2. Validate Each Unit Against Supporting Documents For each unit, check if it is supported by the documents. This involves:
- Semantic Matching: Use embeddings (e.g., SBERT, OpenAI embeddings) to compute similarity between the answer unit and document passages. Set a threshold (e.g., cosine similarity ≥ 0.8) to determine support.
- Entailment Checking: Use models like T5 or BART fine-tuned on textual entailment tasks to verify if the document text logically supports the answer unit.
- Exact or Paraphrased Matches: For simpler cases, check for keyword overlap or paraphrased equivalents (e.g., “67 million” vs. “67,000,000”).
A unit is marked as “grounded” if any document passage supports it. For example, if the documents confirm Paris is France’s capital but lack population data, the first claim is supported, while the second is not.

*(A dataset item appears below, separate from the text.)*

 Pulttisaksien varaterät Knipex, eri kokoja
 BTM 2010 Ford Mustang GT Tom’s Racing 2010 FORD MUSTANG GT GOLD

3. Compute the Metric The metric is the ratio of supported units to total units. For example, if 3 out of 5 answer claims are supported, the score is 0.6. Optional refinements include:
- Weighting: Assign higher weights to critical claims (e.g., central facts vs. minor details).
- Partial Credit: Use similarity scores (e.g., 0.7 similarity = 0.7 contribution to the score) instead of binary thresholds.

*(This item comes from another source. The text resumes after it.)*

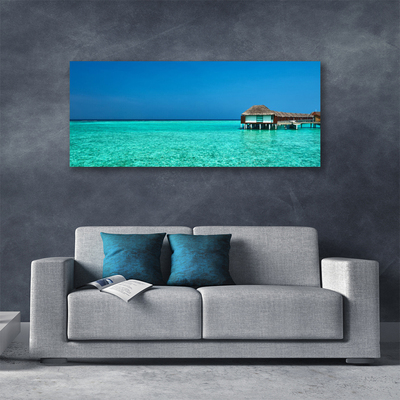 Quadro su tela Paesaggio marino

- Error Analysis: Track common failure modes (e.g., unsupported numerical data, unverified entities) to improve the metric’s design.
Example Implementation Suppose an answer is split into 4 sentences. After validation, 3 are supported by documents. The metric returns 0.75. If one sentence is partially supported (e.g., similarity score 0.6), the score could adjust to (3 + 0.6)/4 = 0.9, depending on the scoring rules. This approach balances simplicity with flexibility, allowing customization based on use-case requirements like document quality or answer complexity.